Python API (sklearn-style)
==========================

:class:`~robert.api.RobertModel` runs the full ROBERT workflow (CURATE, GENERATE,
VERIFY, PREDICT) and exposes ``fit`` / ``predict`` / ``score`` on
:class:`pandas.DataFrame` or :class:`numpy.ndarray` inputs. PREDICT writes CSV
columns aligned with the pipeline:

- ``{y}_pred``: point prediction from the **selected estimator refit on all training
  data** (deployment-style mean).
- ``{y}_pred_sd``: per-row **standard deviation across repeated cross-validation
  predictions** (disagreement between refits on overlapping training folds; related
  to epistemic instability, not a calibrated predictive distribution).
- ``{y}_pred_conformal_hw`` (**regression only**): a single **symmetric interval
  half-width** from split-style conformal calibration (absolute residuals on a
  held-out calibration slice of the training set when large enough, otherwise
  residuals vs CV out-of-fold means). Because the reported point predictor is
  refit on **all** training data, finite-sample **coverage is approximate** at the
  nominal ``conformal_coverage`` (default 0.9); tune with ``conformal_enable``,
  ``conformal_calib_frac``, and ``conformal_coverage`` in :class:`~robert.api.RobertModel`
  kwargs. For **classification**, this column is present but filled with NaN;
  ``{y}_pred_sd`` reflects **vote spread** across CV refits, not class probabilities.

``predict`` returns ``{y}_pred`` values aligned to input rows. Uncertainty:

- ``return_std=True`` is equivalent to ``return_uncertainty="cv_sd"`` and returns
  ``(y, sd_cv)``.
- ``return_uncertainty="conformal"`` (regression only) returns ``(y, half_width)``.
- ``return_uncertainty="both"`` returns ``(y, sd_cv, half_width)``.
- If both ``return_std`` and ``return_uncertainty`` are set, ``return_uncertainty``
  wins and a warning is issued.

Pipeline semantics
------------------

- **Single high-level estimator.** Encoding and curation happen in CURATE; training
  matrices are scaled inside ROBERT (``StandardScaler`` on the design matrix in
  ``prepare_sets``).

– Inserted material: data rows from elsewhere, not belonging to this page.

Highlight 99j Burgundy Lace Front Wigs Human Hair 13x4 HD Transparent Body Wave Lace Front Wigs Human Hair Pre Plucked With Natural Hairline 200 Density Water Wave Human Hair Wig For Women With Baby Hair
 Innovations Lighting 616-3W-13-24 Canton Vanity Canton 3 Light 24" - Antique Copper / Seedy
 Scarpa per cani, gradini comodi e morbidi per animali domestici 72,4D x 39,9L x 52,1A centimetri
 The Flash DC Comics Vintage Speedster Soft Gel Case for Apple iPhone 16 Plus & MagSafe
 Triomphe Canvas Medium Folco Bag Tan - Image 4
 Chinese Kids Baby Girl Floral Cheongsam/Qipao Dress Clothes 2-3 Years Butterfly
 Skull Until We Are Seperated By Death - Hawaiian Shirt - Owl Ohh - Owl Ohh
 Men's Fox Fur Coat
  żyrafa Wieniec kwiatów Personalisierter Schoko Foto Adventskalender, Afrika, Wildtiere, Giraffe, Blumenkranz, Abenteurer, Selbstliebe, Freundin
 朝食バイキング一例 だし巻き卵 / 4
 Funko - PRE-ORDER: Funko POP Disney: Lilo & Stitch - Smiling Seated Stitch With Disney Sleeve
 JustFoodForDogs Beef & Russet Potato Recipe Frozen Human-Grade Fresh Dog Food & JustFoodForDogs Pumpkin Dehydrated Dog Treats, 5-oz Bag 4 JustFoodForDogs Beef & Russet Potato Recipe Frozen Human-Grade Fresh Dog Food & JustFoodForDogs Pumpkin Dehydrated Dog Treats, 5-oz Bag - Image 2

This is not a composable sklearn ``Pipeline`` of separate
  ``TransformerMixin`` steps on :class:`~robert.api.RobertModel` itself.
- **Do not** stack another ``StandardScaler`` (or similar) in front of the same raw
  descriptor table unless you know exactly how it interacts with CURATE outputs;
  you would usually double-scale or break column semantics.
- **Row order.** ``predict`` returns one value per input row, aligned to ``X`` even if
  ROBERT writes prediction CSVs in a different row order (alignment uses the names
  column from CURATE).

Matplotlib
----------

During ``fit`` and ``predict``, Matplotlib is switched to the non-interactive ``Agg``
backend so plotting does not require a GUI; the prior backend is restored afterward.
Figures are still written under ``workdir`` like the CLI workflow.

Example
-------

.. code-block:: python

   from robert import RobertModel
   import pandas as pd

   df = pd.read_csv("Robert_example.csv")
   X = df.drop(columns=["Target_values"])
   y = df["Target_values"]

   model = RobertModel(
       problem_type="reg",
       workdir="./robert_run",
       model=["RF"],
       n_iter=2,
       init_points=2,
   )
   model.fit(X.iloc[:25], y.iloc[:25])
   preds = model.predict(X.iloc[25:])
   preds, sd_cv = model.predict(X.iloc[25:], return_std=True)
   preds2, hw = model.predict(X.iloc[25:], return_uncertainty="conformal")
   preds3, sd_cv2, hw2 = model.predict(X.iloc[25:], return_uncertainty="both")
   r2 = model.score(X.iloc[25:], y.iloc[25:])

.. autoclass:: robert.api.RobertModel
   :members:
   :no-inherited-members: